There are various web standards (examples 1, 2, 3, 4) that exactly specify when a malformed string affects API behavior, but notably TextDecoder is one of those APIs. It is good practice to make sure that strings are well formed before doing text processing.

Check for well-formed strings

Very recent browsers now have a function for this purpose: isWellFormed().

Browser Support

111
111
119
16.4

Source

You can achieve a similar outcome by using encodeURIComponent(), which throws an URIError error if the string contains a lone surrogate.

The following function uses isWellFormed() if it is available and encodeURIComponent() if it is not. Similar code can be used to create a polyfill for isWellFormed().

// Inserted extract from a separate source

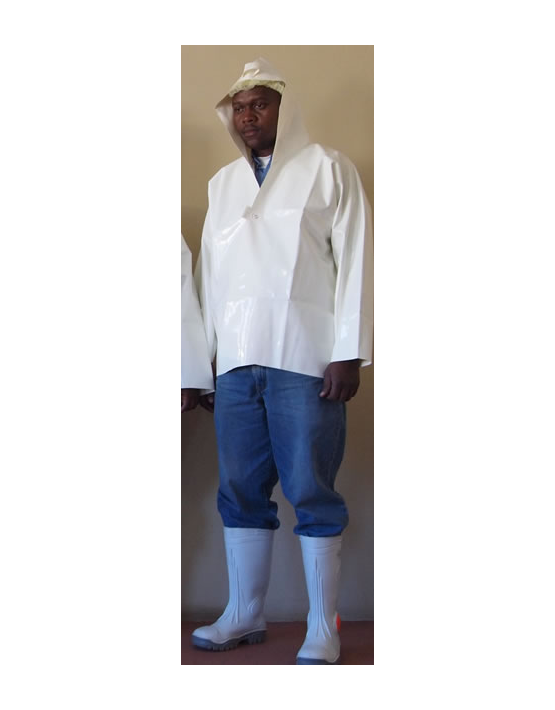 KENDEX Loading Jacket STD Long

// Quick polyfill since older browsers do not support isWellFormed().
// encodeURIComponent() throws an error for lone surrogates, which is essentially the same.
function isWellFormed(str) {
  if (typeof(str.isWellFormed)!="undefined") {
    // Use the newer isWellFormed() feature.
    return str.isWellFormed();
  } else {
    // Use the older encodeURIComponent().
    try {
      encodeURIComponent(str);
      return true;
    } catch (error) {
      return false;
    }
  }
}

Put it all together

Now that you know how to handle both Unicode and lone surrogates, you can put everything together to create code that handles all cases and does so without silent text replacement.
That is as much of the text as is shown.